Originally located in the outskirts of Lisbon, Thalia Theatre opened in the 1840s. A venue of leisure for a local aristocrat, it burned down shortly after and remained derelict since then. The project reconverted its ruins into a multipurpose arena for conferences, exhibitions or concerts. To retain the old walls, the exterior was encased with terracotta concrete. The interior remained as it was, like a fossil. An adjacent single-story pavilion, entirely glazed with gilded glass, faces the street nearby. The project combines the old and new parts of the building into an urban ensemble with views to the nearby Zoo.

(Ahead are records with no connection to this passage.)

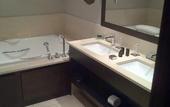 Туры в отель Les Suites De La Potiniere
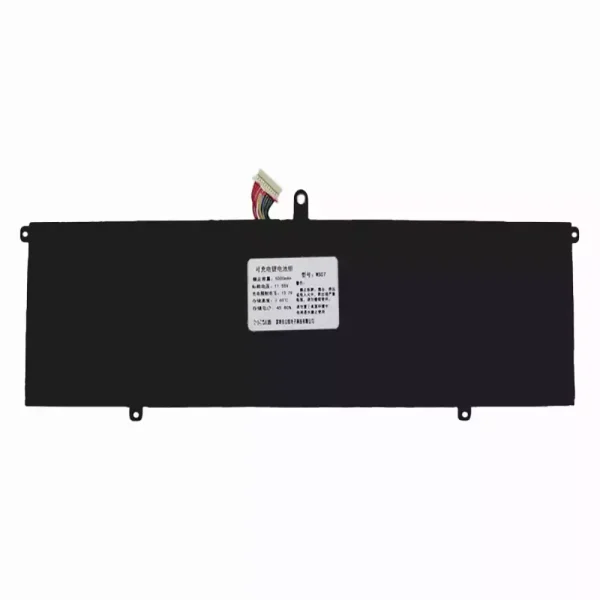Baterie laptop WS07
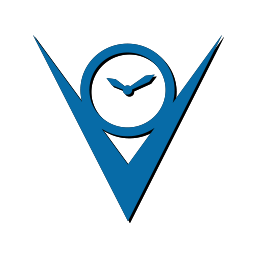 ico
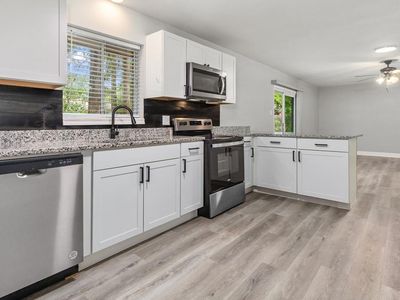508 Hemlock Rd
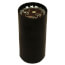 189-227M 320V Round Start Capacitor, P281-1896S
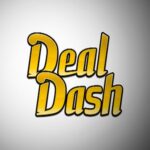 DealDash – Bid & Save Auctions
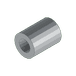 Isometric 5560828 Image 1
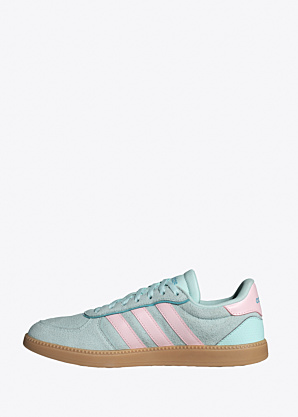 Тенниски Breaknet Sleek adidas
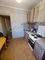 Продажа 2 комнат, 21,8 м², 6/9 этаж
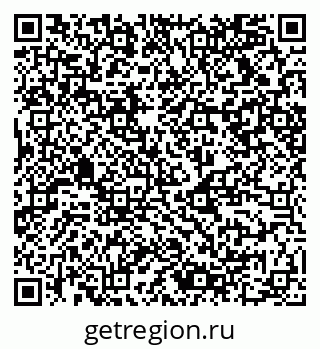 79124018346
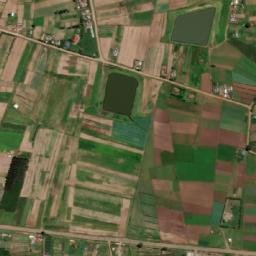 Satellite imagery of 1680610079, KE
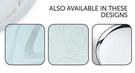 Assorted Ceiling Fittings-Each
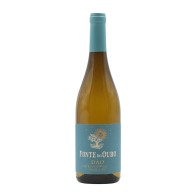 Fonte do Ouro Encruzado Special Reserve White 2023
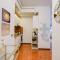 Franka House Terrace private & lake view - Happy Rentals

The Thalia Theatre was inaugurated in 1843 as a private venue for the Count of Farrobo. It was located just outside of Lisbon, facing a palace and gardens also owned by this aristocrat. In 1862, a fire destroyed the building with all its luxurious decoration of gilded wood, mirrors and chandeliers. For almost 150 years, the theatre remained in ruins with the outskirts of Lisbon sprawling around it. The city zoo was located next-door providing an exotic background to the derelict structure.
In order to retain the old walls of the theatre, the exterior was entirely covered by a shell of terracotta concrete that forms a massive and monolithic body. It is composed of the original volumes of the audience and the 23-metres-high stage. Inside these two voids, the ruins have been left untouched creating a spectacle of their own. Minimum technical fixtures create an arena that can be adjusted to diverse uses such as exhibitions, conferences or broadcasts. An adjacent single-story structure, entirely glazed, houses additional parts of the programme such as the reception, services and a cafeteria.
Bronze letters at the tympanum of the main facade spell out the motto of Thalia, the muse of comedy. The original Latin inscription, Hic Mores Hominum Castigantur, was placed once again. In other words, Here the Deeds of Men Shall Be Punished. The project for the reconversion of the theatre combines the old and new parts of the building into an urban ensemble with views to the nearby zoo. It brings back the presence of the past as a place for fantasy, imagination, and civic life.
The design pursued energy efficiency through a combination of different features. The indoor climate control system is integrated in a ventilated double floor slab with high thermal mass. There are no ducts in the ceiling, only a high level side natural exhaust for the displacement ventilation system. The floor also integrates a radiant slab that provides base heating and cooling. The high energy efficiency is reflected in the A class EPBD building energy rating achieved by the building.